While there is no research to support my theory, I think another wise thing to do is to encourage our children to be balanced from side to side, so as they grow there won’t be any restrictions on one side that can pull them into a scoliosis. If they have any traumas or muscle shortening, which only occurred on one side of the back, then encourage them to stretch to even out the sides or get them into a massage therapist. If they are involved in a sport that uses one side of the body more than the other (swinging sports like tennis, baseball, hockey, golf, volleyball), then they need to strengthen the other side to match the sport strength. Be sure to stretch the muscles well that are involved in the sport. Be aware of how your child is wearing their backpacks. Often kids put the bag over one shoulder; as they get older their books get heavier, which places a repetitive uneven weight on the back. Finally, watch for any stride changes and possible leg length differences that will lead to a tilted pelvis. These can be dealt with by massage and physiotherapy and, if structural, then orthotics in their shoes.

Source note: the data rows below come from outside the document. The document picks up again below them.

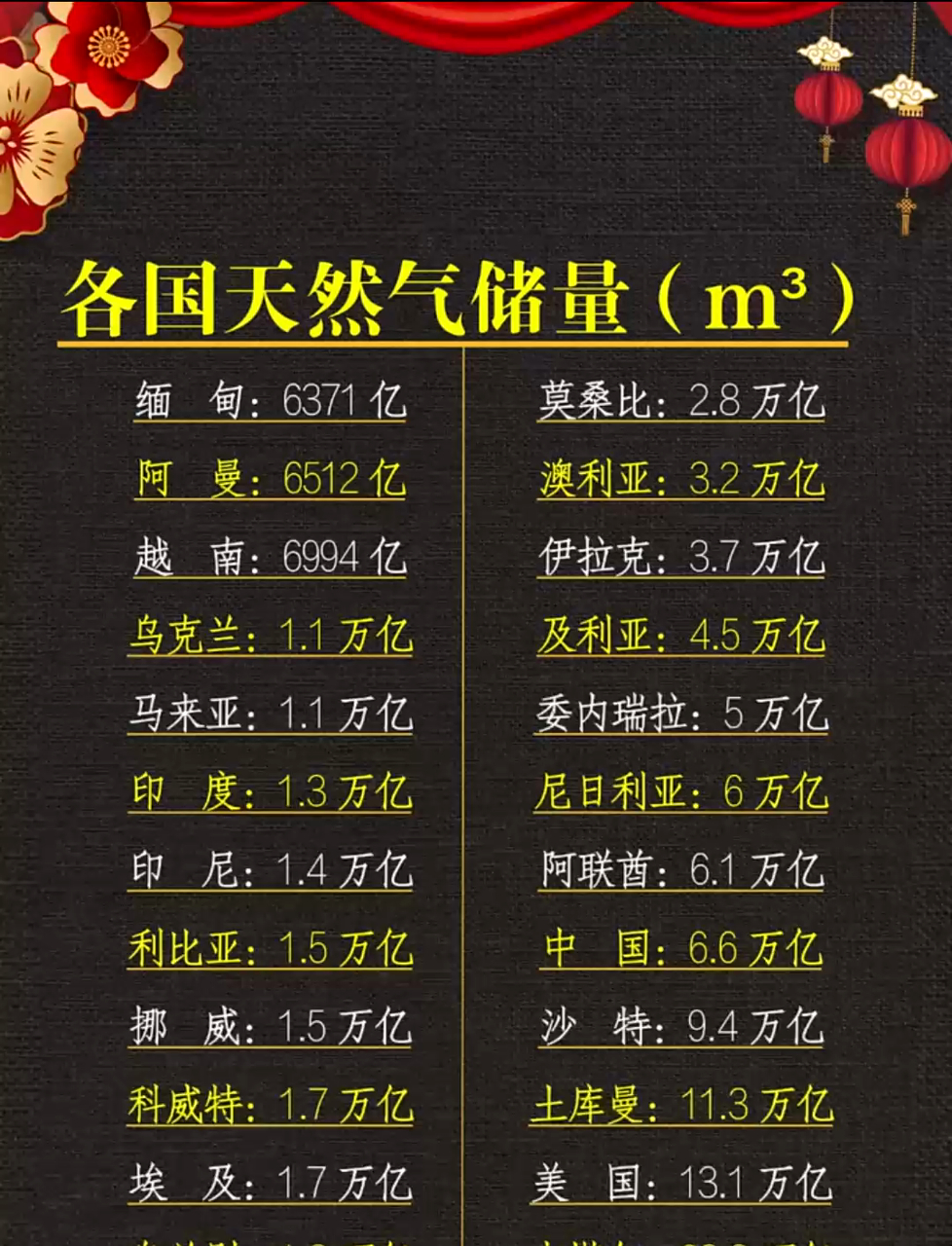 原油储量(阿联酋原油储量)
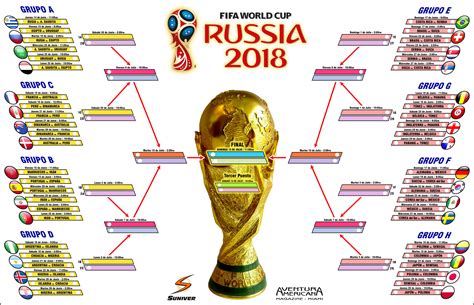 El Fixture Del Mundial Rusia 2018 – Pretty Girls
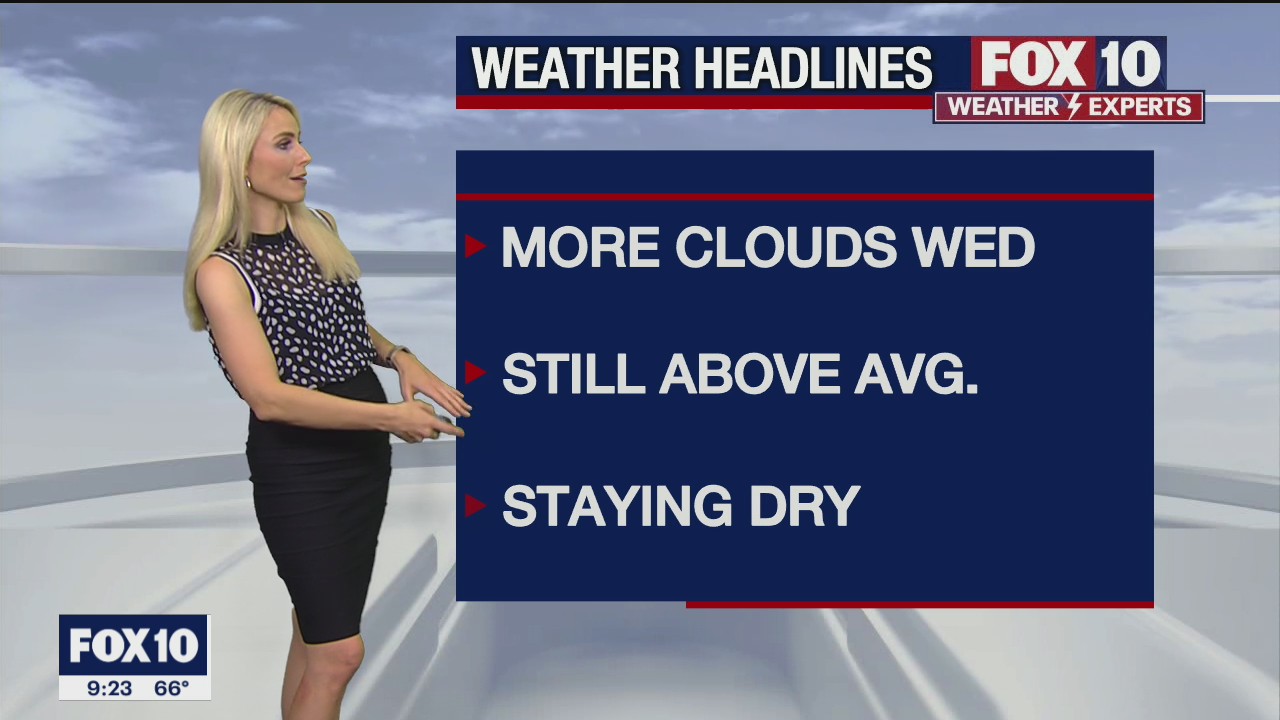 Evening Weather Forecast - 11/16/21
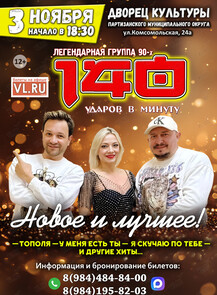 Группа «140 ударов в минуту»
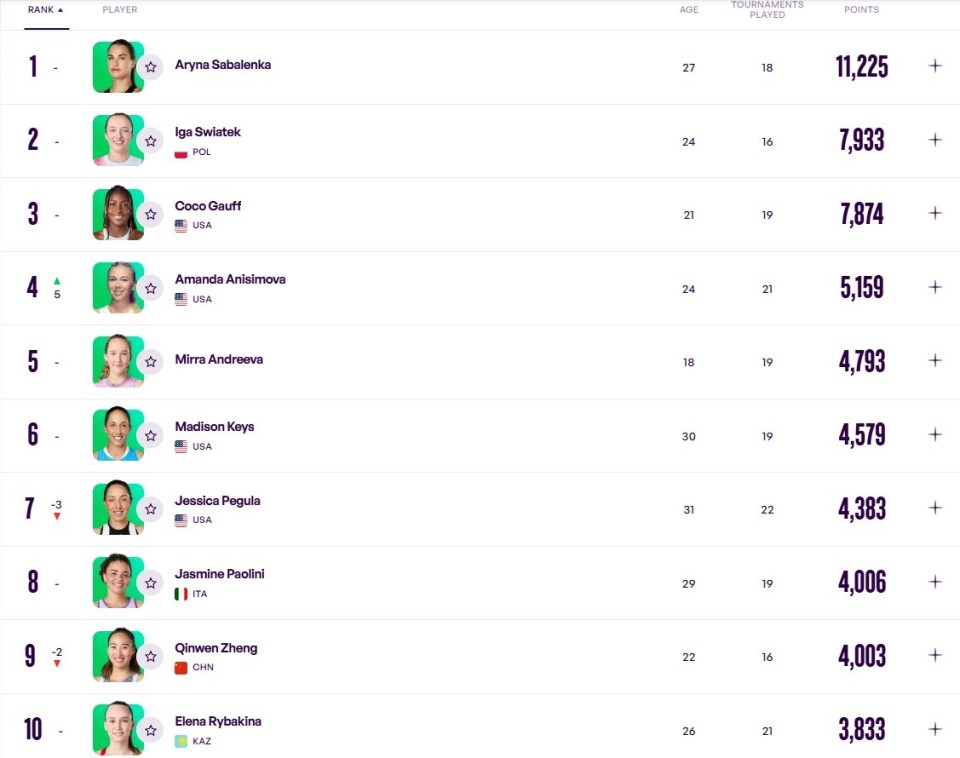 nfwW, 有望稳住T, Uvuy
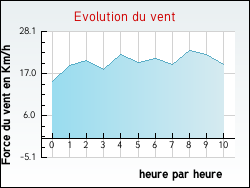 Evolution du vent de la ville Aulnois-sur-Seille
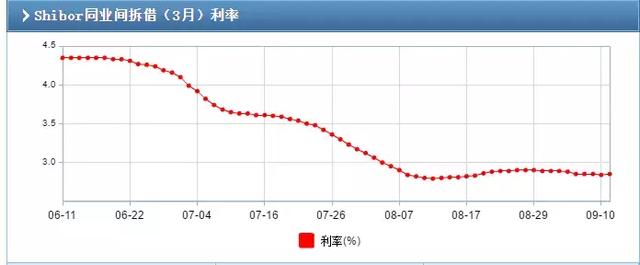 余额宝收益越来越低，还可以投些什么？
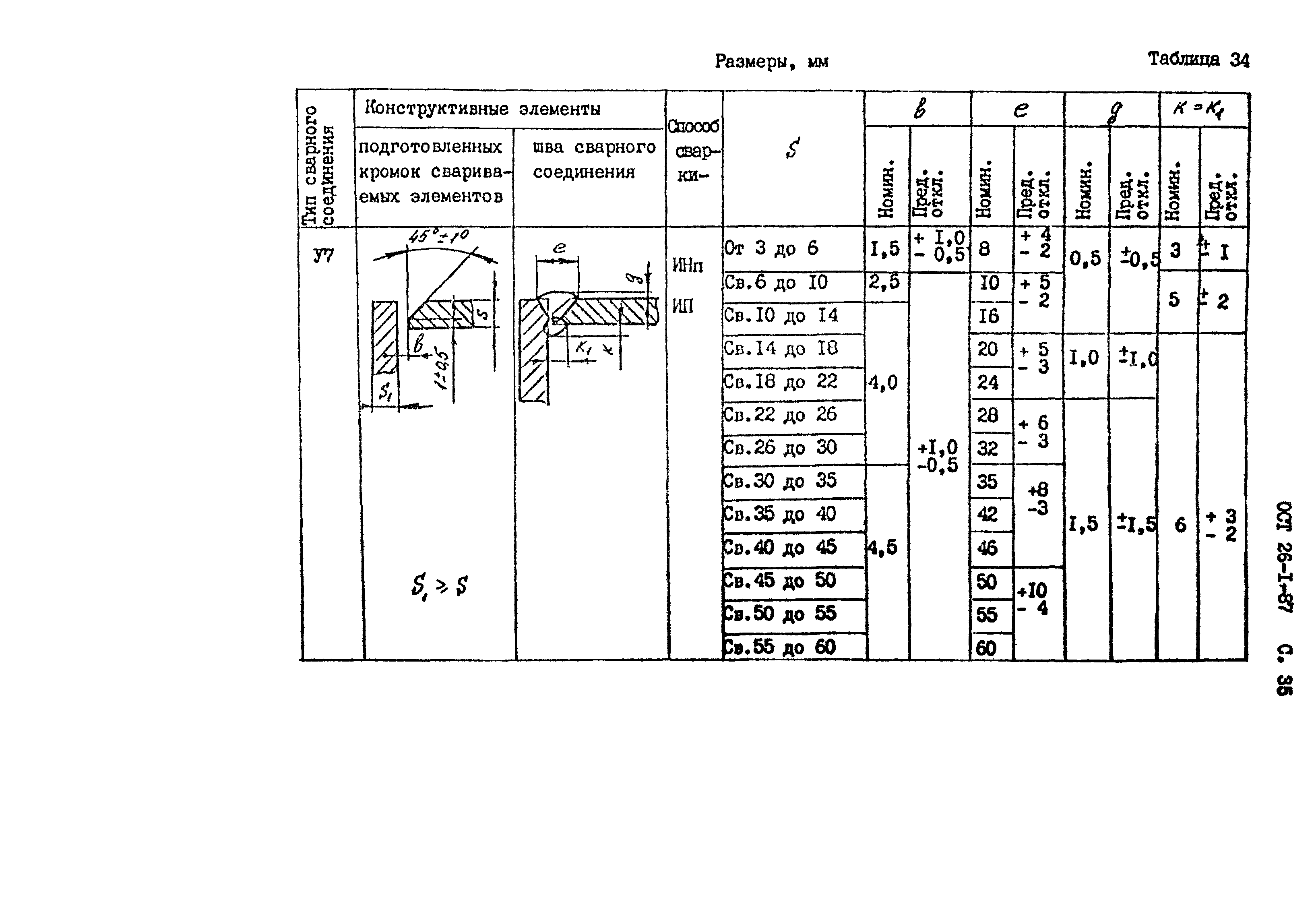 ОСТ 26-1-87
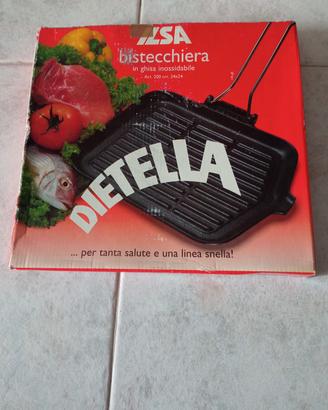 bistecchiera 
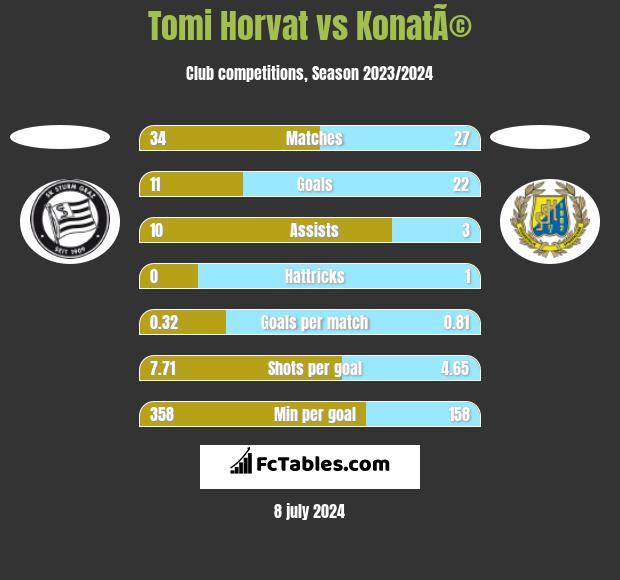 Tomi Horvat vs KonatÃ© h2h player stats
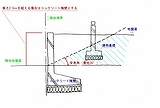 安息角1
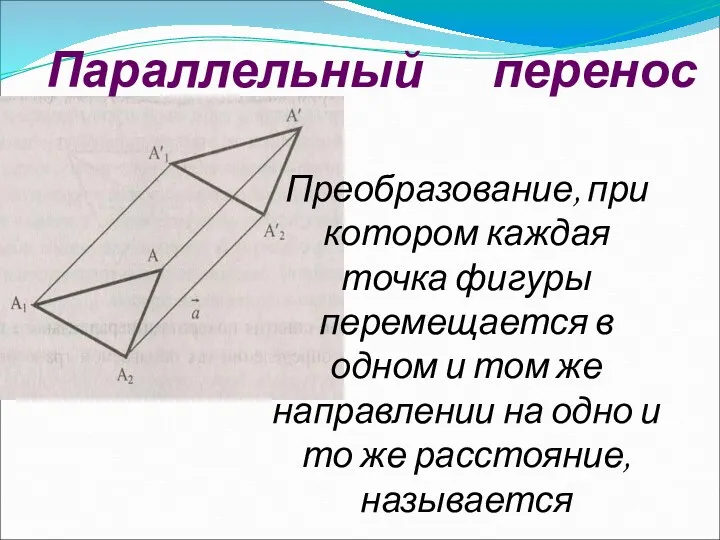 Параллельный перенос Преобразование, при котором каждая точка фигуры перемещается в одном и том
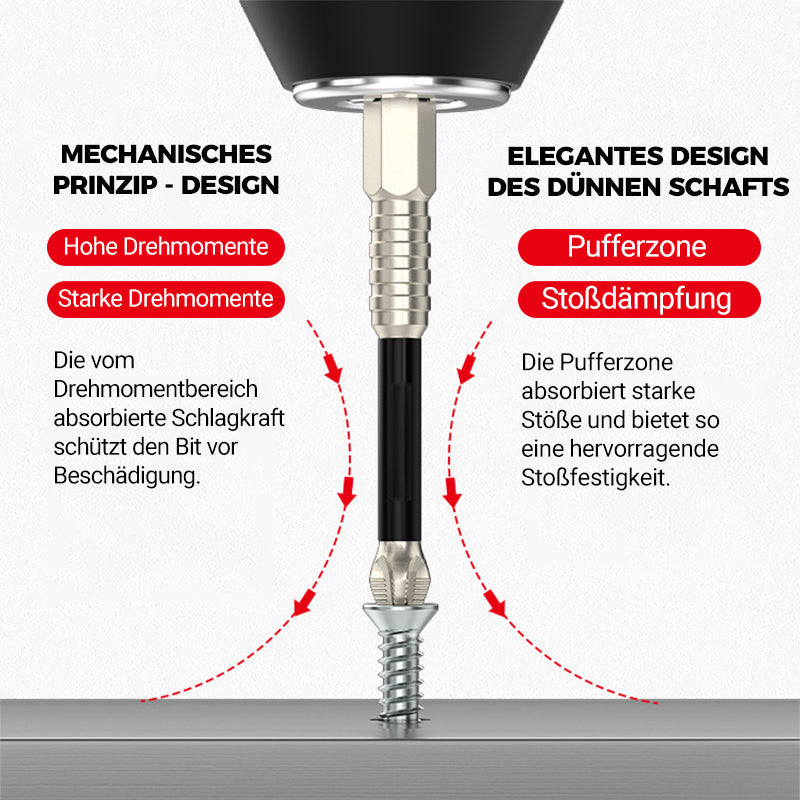 💥Sechskant-Bitsatz mit rutschhemmender Gewindestruktur, schlagfest & hochmagnetisch(HRC 62)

In many cases, there is no medical intervention to scoliosis. If you are still growing, the MD may prescribe a back brace to prevent further curving. In severe cases, the surgeon can do an operation to put metal rods in the back to decrease the curve and stabilize the back. However, this will also have side effects of limiting movement of the spine and will have effects on the muscles of the back. From my experience with client’s that have the mild to moderate scoliosis, the best results have been when the client has a self-care routine. The self-care routine should include: daily stretching like yoga (with extra focus on opening up the shortened concave side/sections), some cardiovascular exercises to get the ribs moving and blood flowing to all the back muscles, strengthening (with extra focus to the weaker concave side/sections) and using hydrotherapy (ice and heat) to decrease the symptomatic pain/discomfort. Massage can be extremely beneficial for symptom relief. Initially, the client may need more frequent massage until the tissue is healthy and receptive to the self-care routine. Once the client maintains their routine then the massage can be less frequent as their body dictates.
Scoliosis may not be preventable in your child, but you may be able to lessen its impact on his/her life. Some children, unfortunately, will have scoliosis no matter what and it may progress to the point of needing surgery. But if you can catch it early in your child and encourage healthy habits early on, you may be able to slow down the progression and/or decrease some of the symptoms that can present with it.